I think nobody can give you info.
Because, you did not give any info or data.
Most importantly, you have to do your home work first, then you ask. Too many nice guys in this community to help this kind of students.

tedre

turbo
21-04-2008, 10:25 AM
Hi, turbo

I think nobody can give you info.
Because, you did not give any info or data.
Most importantly, you have to do your home work first, then you ask. Too many nice guys in this community to help this kind of students.

tedre

Hi, thanks for your reply.
What info would you guys need?
Its a ground source heat pump with a loop, the aim of the simulation is to find how the physiques of the pipe makes a difference in the system.
hence the heat pump parameters would be constant.
I need some realistic values for the working high and low pressures for an R-22 system...
I am trying my best to do my work but since i have no experience whatsoever on the practical side and there's not many if any website with this sort of technical info i thought maybe i could get some help from the experienced users here

Thanks again

SteinarN
21-04-2008, 11:29 AM
The temperature in the ground will wary dependent on location and season in the year. The return temperature of the fluid from the ground loop can be somewhere between -3*C and up to maybe 8*C in locations where you have some sort of winter. If no real winter, like in Britain, probably not below 0*C. DT ground loop fluid maybe 3-4*C

Evaporation temperature of the refrigerant can be 10*C lower than the actual return temperature dependent on the capasity of the evaporator.

Outlet fluid temperature can be 30 to 35*C when operating on a floor heating system. Condensing temperature roughly 5*C higher than the outlet temperature. DT heating water maybe 4-6*C.

To do this simulation you must understand the basics in refrigeration. Do you understand that basic? Do you know what a Log-ph chart is?

turbo
21-04-2008, 01:27 PM
The temperature in the ground will wary dependent on location and season in the year. The return temperature of the fluid from the ground loop can be somewhere between -3*C and up to maybe 8*C in locations where you have some sort of winter. If no real winter, like in Britain, probably not below 0*C. DT ground loop fluid maybe 3-4*C

Evaporation temperature of the refrigerant can be 10*C lower than the actual return temperature dependent on the capasity of the evaporator.

Outlet fluid temperature can be 30 to 35*C when operating on a floor heating system. Condensing temperature roughly 5*C higher than the outlet temperature. DT heating water maybe 4-6*C.

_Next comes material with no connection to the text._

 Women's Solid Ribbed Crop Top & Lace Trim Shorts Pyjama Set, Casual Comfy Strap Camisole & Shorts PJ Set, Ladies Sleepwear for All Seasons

To do this simulation you must understand the basics in refrigeration. Do you understand that basic? Do you know what a Log-ph chart is?

Thank you for your input,
Not heard of log-ph but assuming p is pressure and h is enthalpy??

what I am thinking of doing is to model the ground loop as a big heat exchanger, find the coefficient of heat transfer using an electricital model (using resistors etc), then model the evaporator as another heat exchanger where r-22 meets the ground loop. then using the running pressure low band and the temperature of the super heated vapour to find the enthalpy and entropy before it has entered the compressor, using compressor efficiency equation to find the enthalpy of the r-22 coming out of the compressor and finally using the high band pressure and enthalpy to find the entropy and temperature. then model the condensor and a hot water tank as another heat exchanger, using the high band pressure, the change in enthalpy (Qdot=mdot(h1-h2)to estimate the temperature of r-22 coming out of the condensor and finally since the enthalpy of the fluid going through an expansion valve is the same using that and low band pressure to find the temperature going into the evaporator.

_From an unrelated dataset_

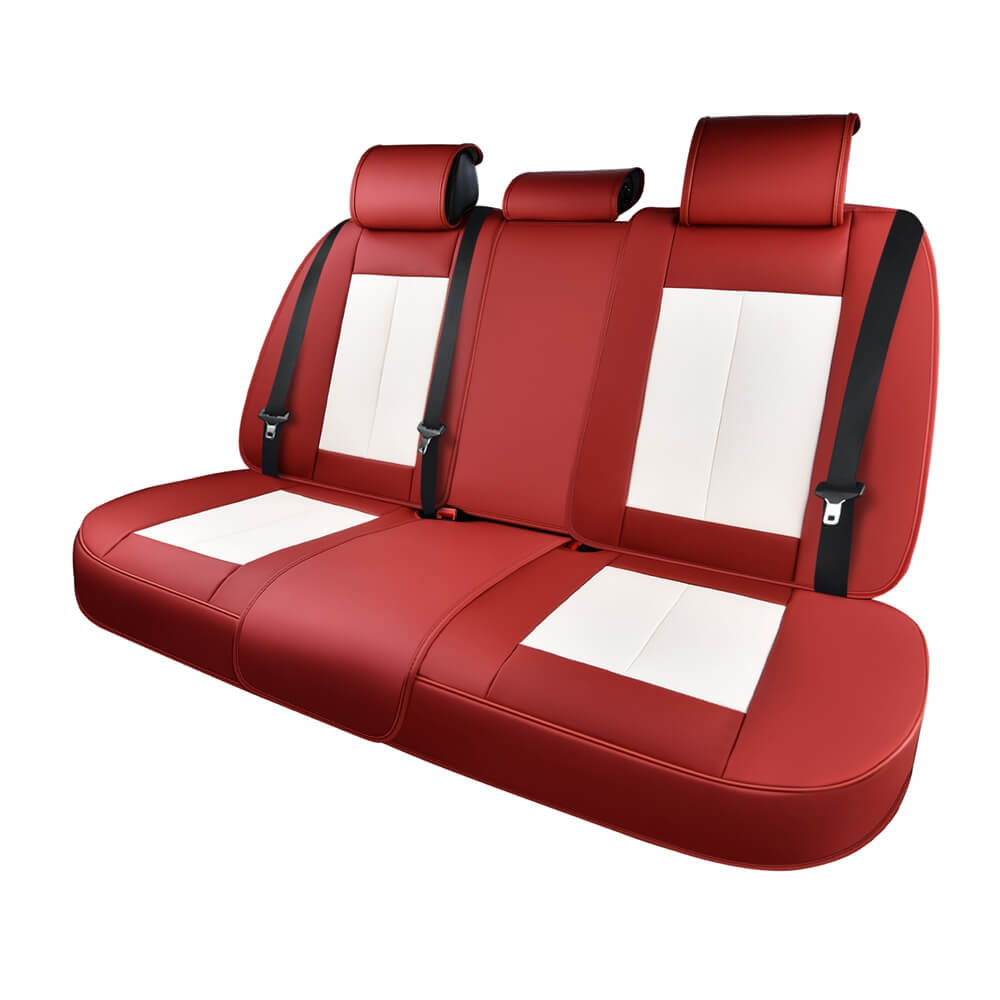 Coverado Rear Seat Covers SCU003 Faux Leather Back Seat Protectors Velcro-Adjusted Universal Fit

I would appreciate if you could comment on this model if I am going in the right direction or not.

Many thanks

SteinarN
21-04-2008, 02:17 PM
Thank you for your input,
Not heard of log-ph but assuming p is pressure and h is enthalpy??
Many thanks

Yep, you'r right.

It seemed a bit complicated, but you are in the right direction. I will advice you to get a log-ph chart. It is very clarifying to draw the refrigeration prosess on that chart. There are various curves so you se all the refrigerant properties in different plases of the prosess. You can download CoolPack. http://www.et.web.mek.dtu.dk/Coolpack/Files/CoolPack.exe It's a very good free program where you can make your own charts and do various calculations.

turbo
22-04-2008, 11:31 PM
Yep, you'r right.

It seemed a bit complicated, but you are in the right direction. I will advice you to get a log-ph chart. It is very clarifying to draw the refrigeration prosess on that chart. There are various curves so you se all the refrigerant properties in different plases of the prosess. You can download CoolPack.
It's a very good free program where you can make your own charts and do various calculations.

Thanks alot for the link, seems to be a great program. just wondering if there are any tutorials for it on the web? because the help doesnt explain much...i got the log-ph graph..when it comes to drawing the cycle, what are the sub cooled liquid temperatures in K? (it seems to only allow between 0-100 which is very cold is it supposed to be that way?)

SteinarN
23-04-2008, 04:45 AM
Thanks alot for the link, seems to be a great program. just wondering if there are any tutorials for it on the web? because the help doesnt explain much...i got the log-ph graph..when it comes to drawing the cycle, what are the sub cooled liquid temperatures in K? (it seems to only allow between 0-100 which is very cold is it supposed to be that way?)

I dont think there is any tutorial on the web. All data in the program is metric only.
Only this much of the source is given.